13.03.12, João Silva

O Campeonato está a entrar numa fase crucial. Quem ficar para trás, dificilmente, terá margem para recuperar.

Todos o sabem, mas uns parecem sabê-lo melhor que os outros.

 

Convergem vontades e palavras para evitar que quem regressou ao topo de forma revalide o que por direito lhe pertence. É sempre assim. Nem é preciso ler “Arte da Guerra”, do velho e sábio Sun Tzu, para se saber que uma das tácticas que mais frutos costumam dar é a da desestabilização emocional dos adversários antes da hora do confronto em que tudo se decide.


O Futebol não é, como alguém disse, uma religião ou um assunto de Estado.

Mas, no vazio de muitas outras crenças, ele ocupa um espaço singular em que se juntam razão e coração, com o segundo, quase sempre, a falar mais alto que a primeira.


Nas religiões, o que conta é a fé, que abre a porta aos dogmas que tornam quase tudo indiscutível e indisputável.

No Futebol, o que conta é a paixão, que também tem os seus dogmas e pouco espaço deixa para a serenidade da análise equidistante e fria. Para isso existem os comentadores, que fingem nunca ter clube ou cor preferida, mas que, frequentemente, deixam cair a máscara e acabam por denunciar o jogo.

 

Para o resto, para o terreno da paixão, existem os adeptos, os que sofrem, gritam, insultam, choram, culpam e desculpam.

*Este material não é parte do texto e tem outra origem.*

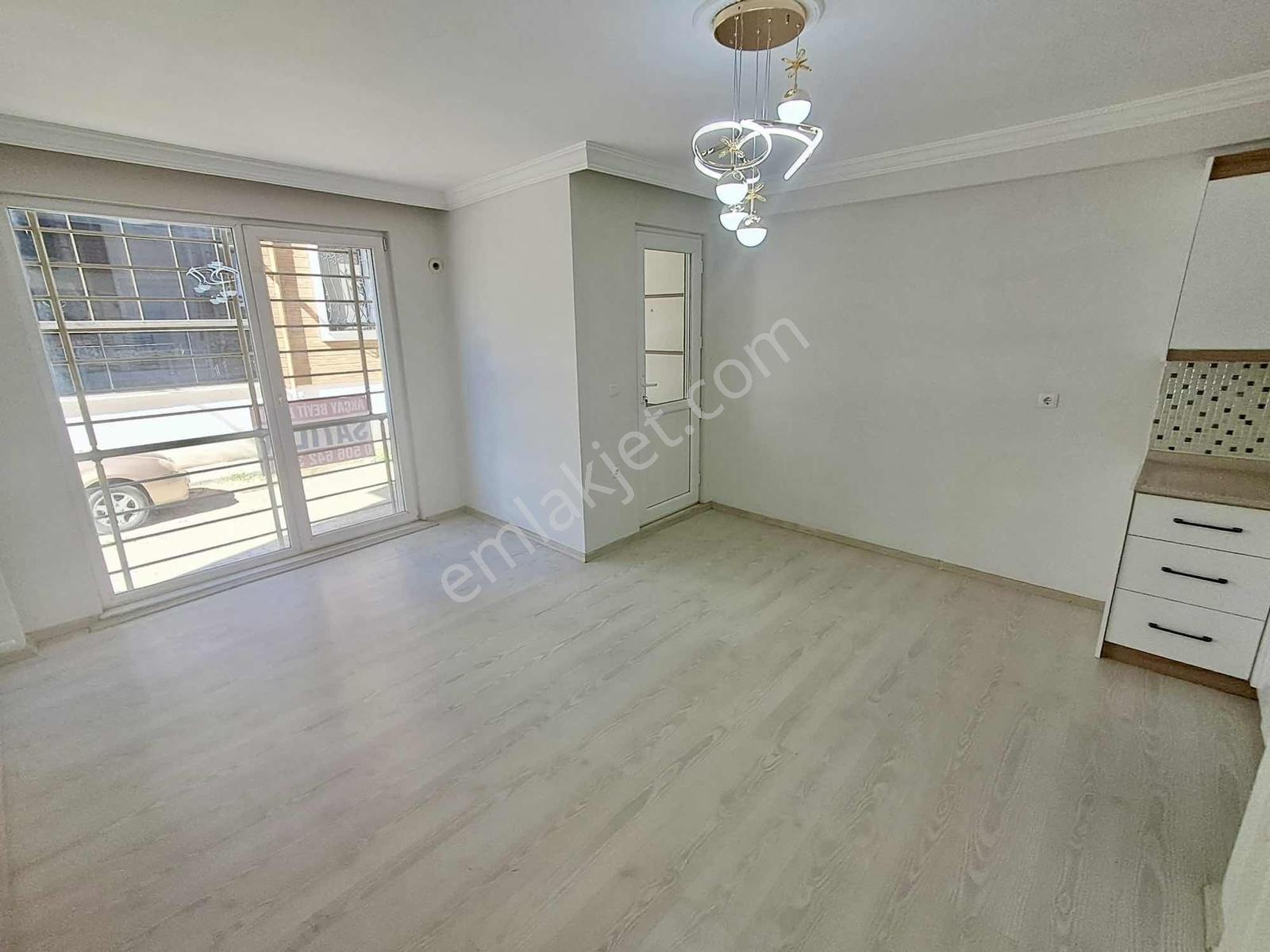 Royal'den Akçay'da 8 Yaşında Ön Cephe Masrafsız Fırsat 2+1 Daire — fotoğraf 6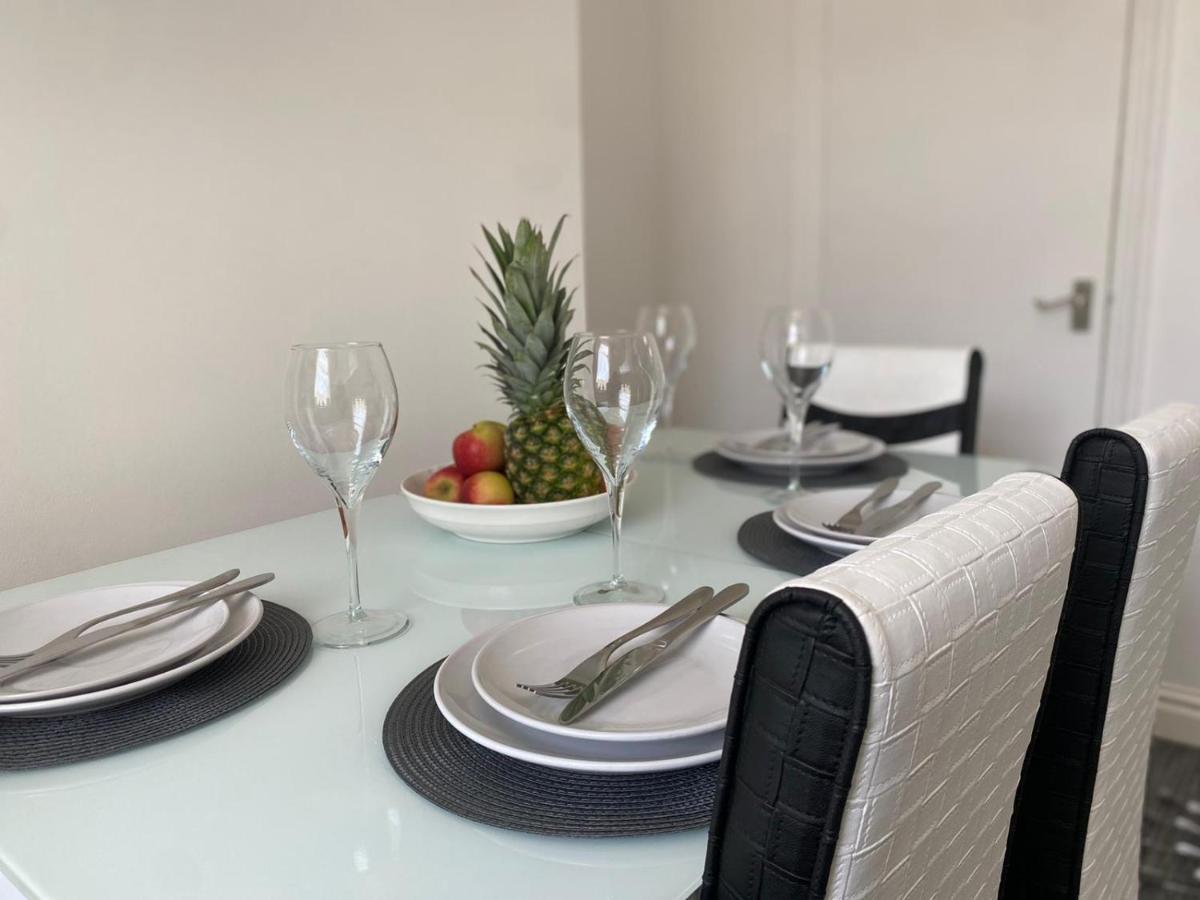 Cosy Cheerful 2 Bedrooms Near Piccadilly, Etihad Stadium Sleeps Up To 5 Manchester Extérieur photo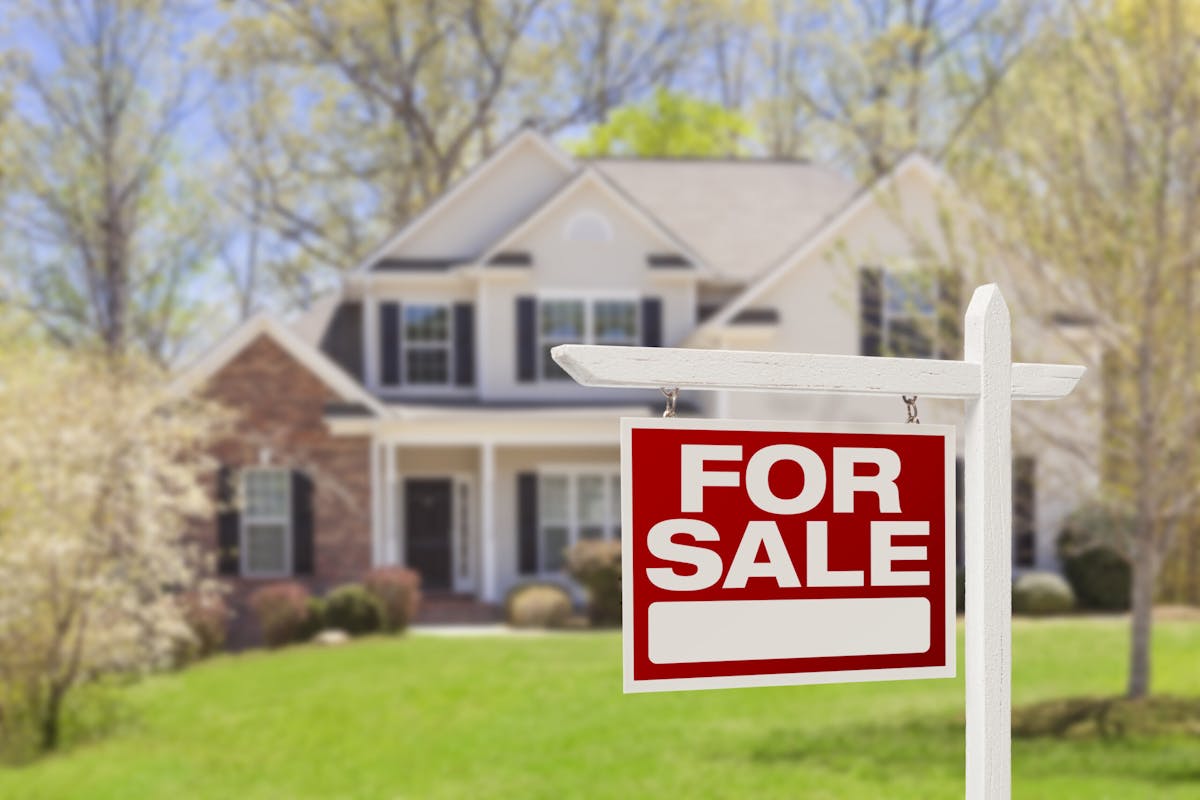 NextImg:Housing Market Stalls As Interest Rates Remain High, Inventory Falls | The Daily Wire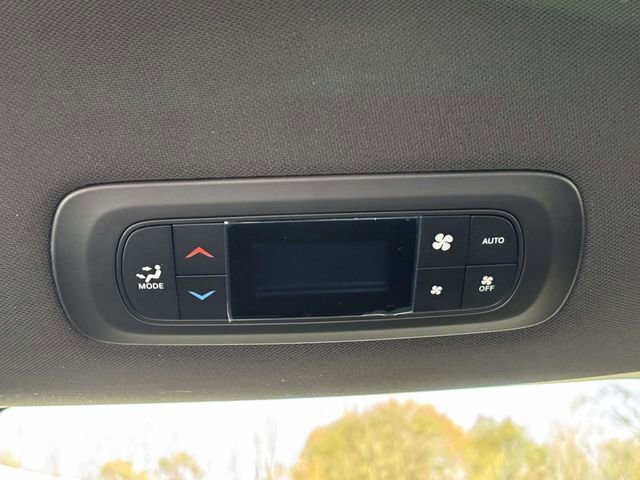 New 2026 Chrysler Pacifica Select image 10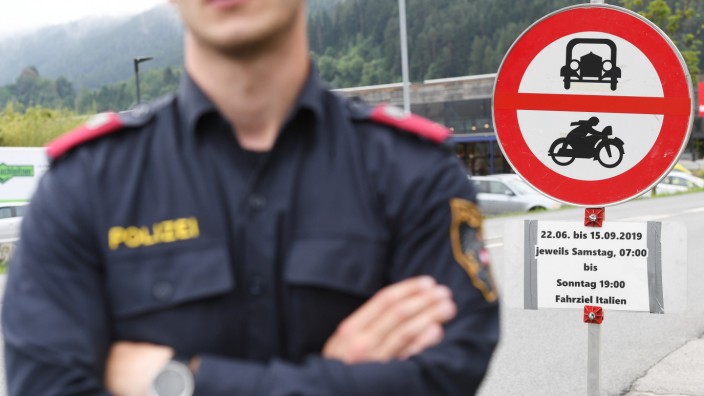 Ein Polizist überwacht die Sperrung für den Verkehr in Tirol mit Fahrziel Italien. Vom 22. Juni bis 15. September 2019 sind in dem österreichischen Bundesland mehrere Straßen für den Umgehungsverkehr gesperrt.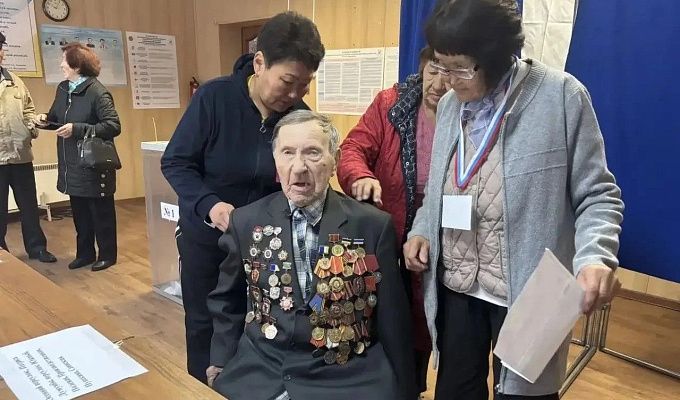 103-летний ветеран проголосовал в Бурятии  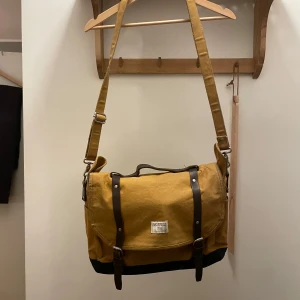 Sandqvist Messenger Bag - Väl använd men går fortfarande fint att använda. Denna design säljs inte längre av Sandqvist.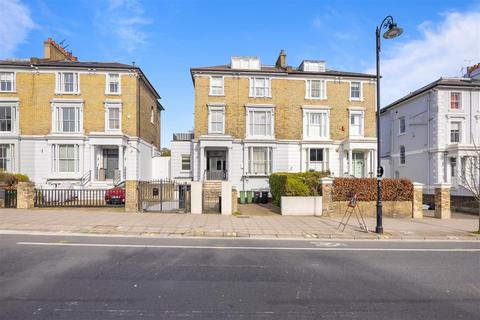 2 bedroom apartment for sale, Haverstock Hill, Belsize Park, London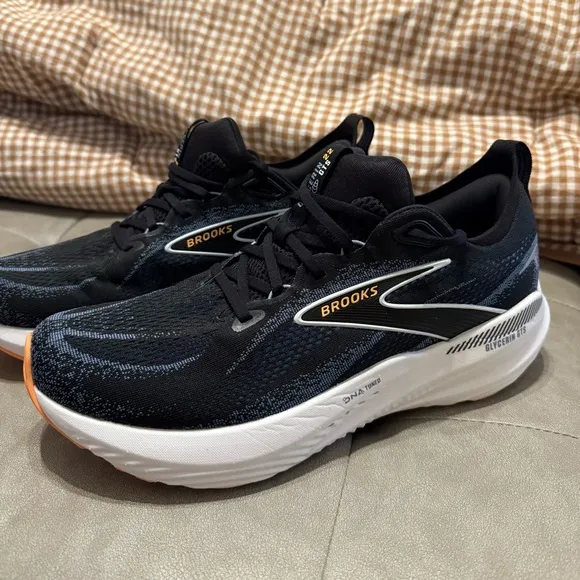 Brooks Glycerin GTS 22 Navy and Orange Shoes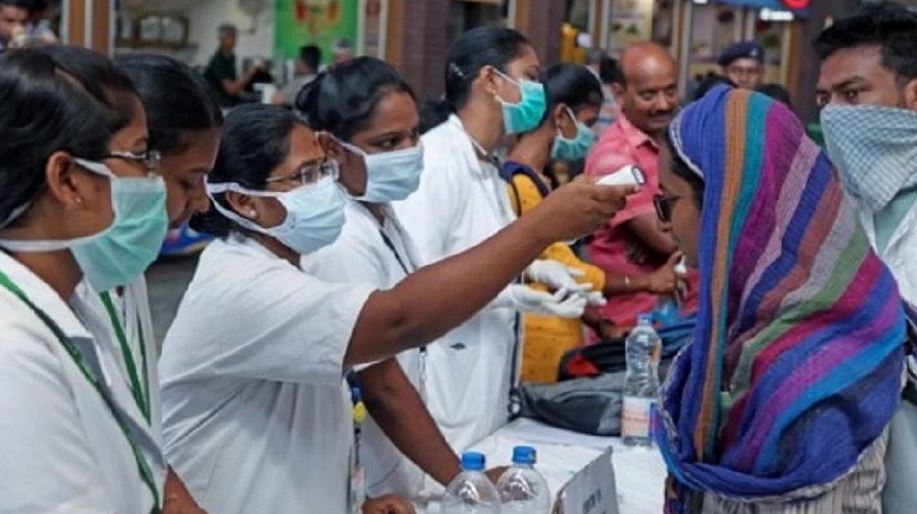भारत में कोरोना संकट : लगातार तीसरे दिन 15 हजार से कम नए संक्रमित, 3 राज्यों में 70 फीसदी एक्टिव केस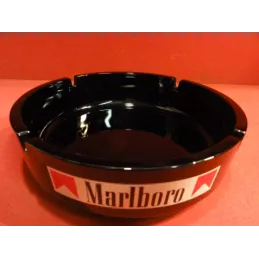 1 CENDRIER MARLBORO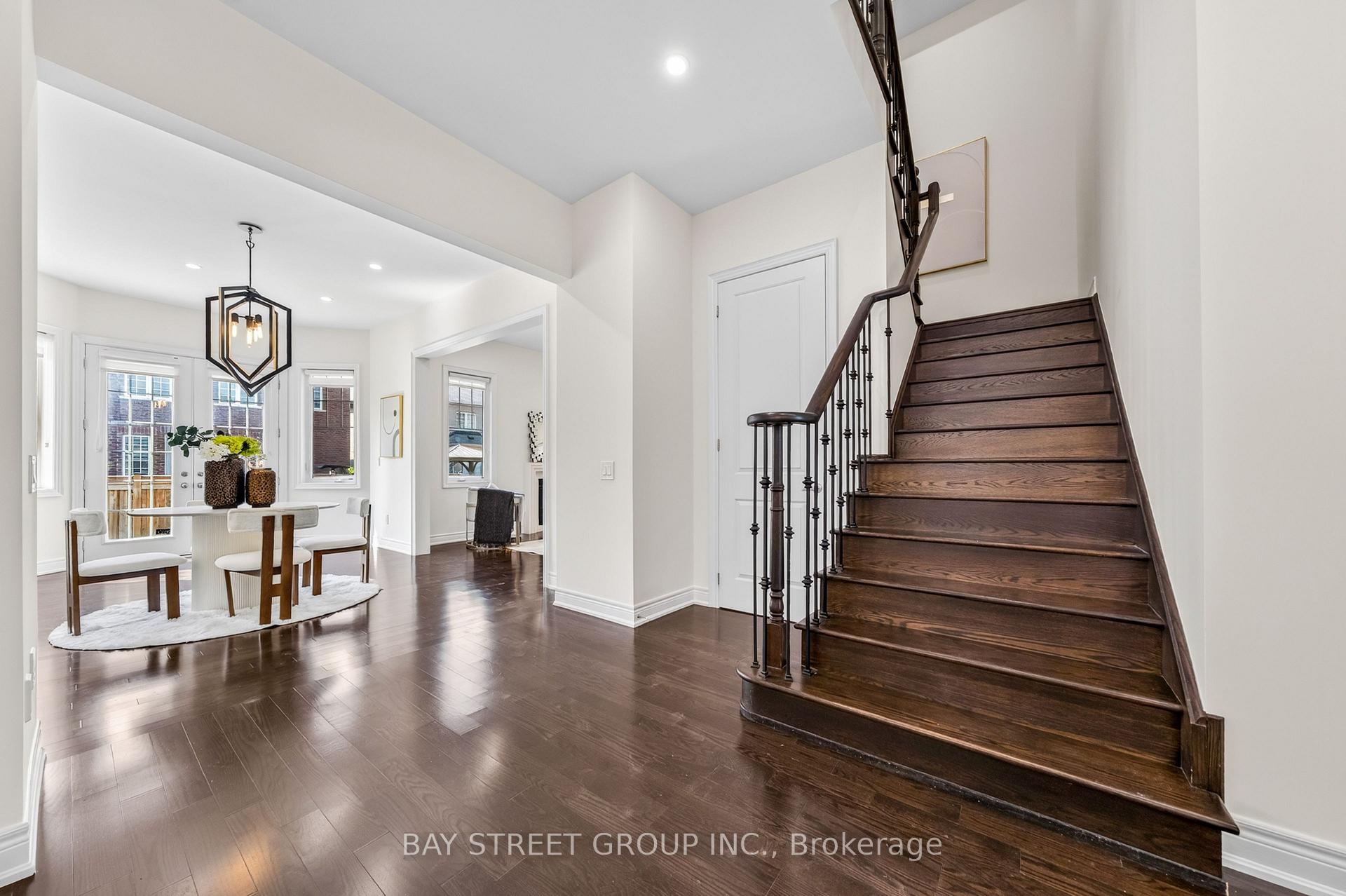 Photo 25 of 31 Woodgate Pines Drive, Vaughan, Kleinburg — HOMEH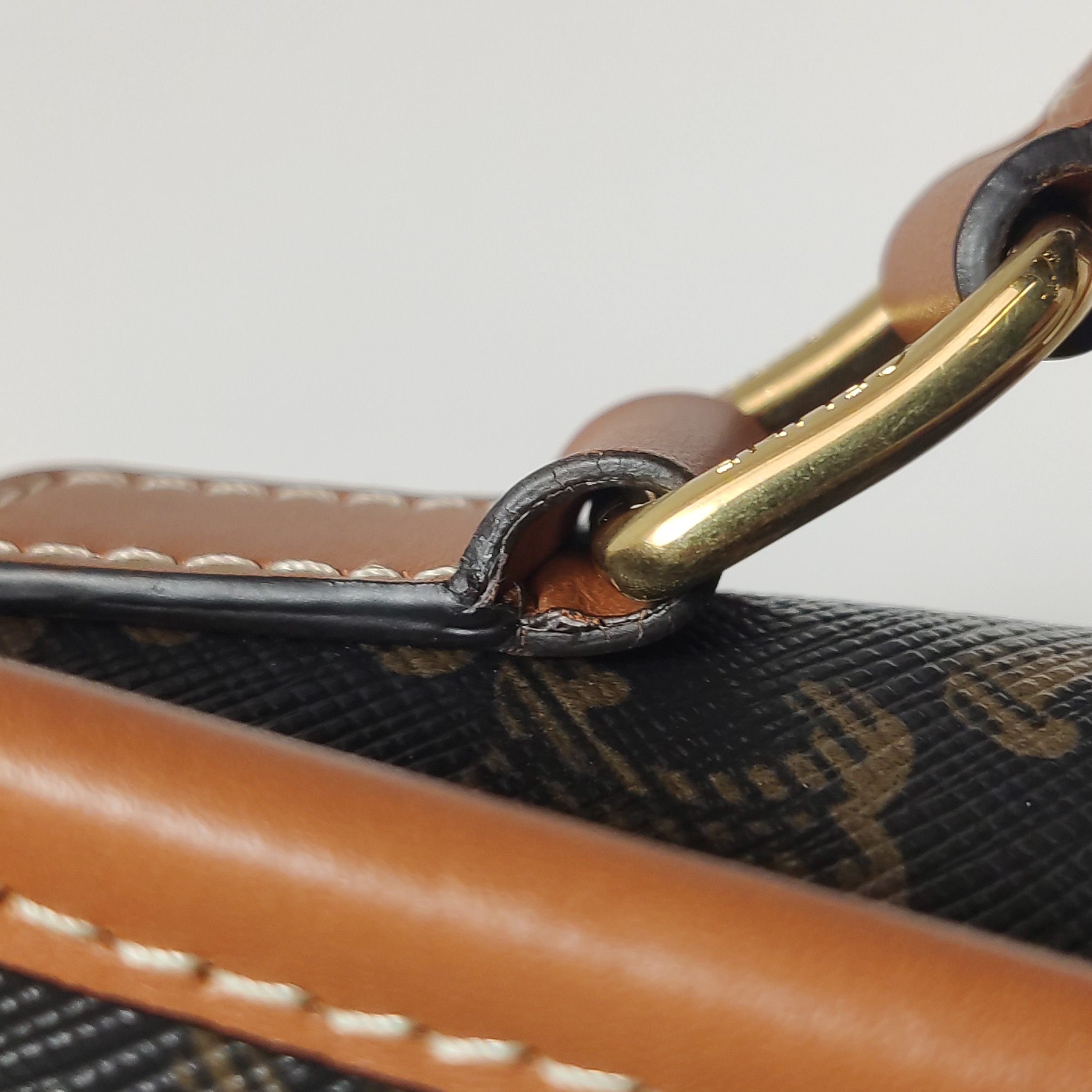 Celine Folco Bag Triomphe Coated Canvas Medium — photo 14 of 24
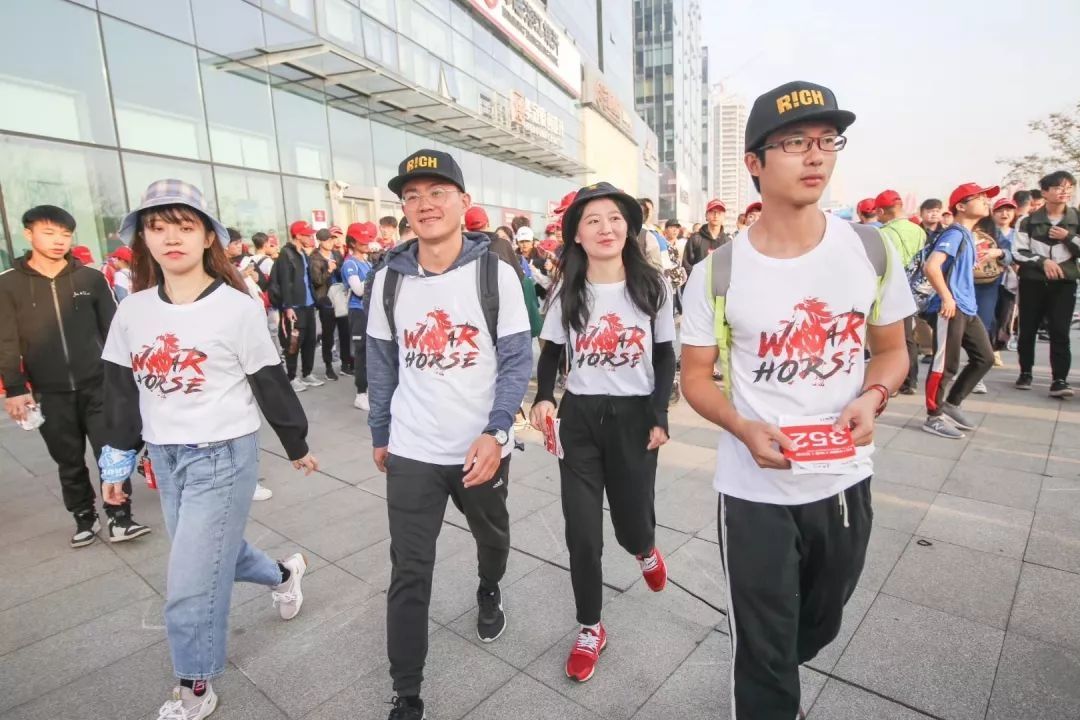 戰(zhàn)馬相伴，勇不止步丨戰(zhàn)馬毅行百公里戰(zhàn)隊招募令！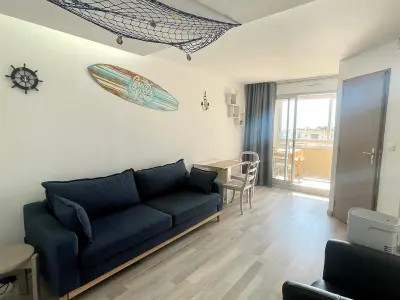 Appartement à Canet en Roussillon, Charmant T2 rénové à 50m de la plage, terrasse OUEST, près des commerces - L1002930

Exactamente porque para eles só existe o coração. E a paixão.


O Benfica levou tempo a recuperar, mas está onde, e como, queremos que esteja: combativo, criativo e com energia. Por isso é temido e respeitado.
Mas, também por isso, este é o momento em que é preciso manter a cabeça fria entre linhas para que, fora delas, os corações que vibram possam viver as suas merecidas horas de júbilo.


E há sempre vozes que provocam, que desafiam, que tentam desestabilizar, porque sentem o cheiro do perigo e a primazia em risco. Mas, como diz o velho e sábio provérbio, essas vozes, como as do pequeno equídeo das fábulas, nunca conseguem chegar ao céu, nem mesmo ao som de apitos.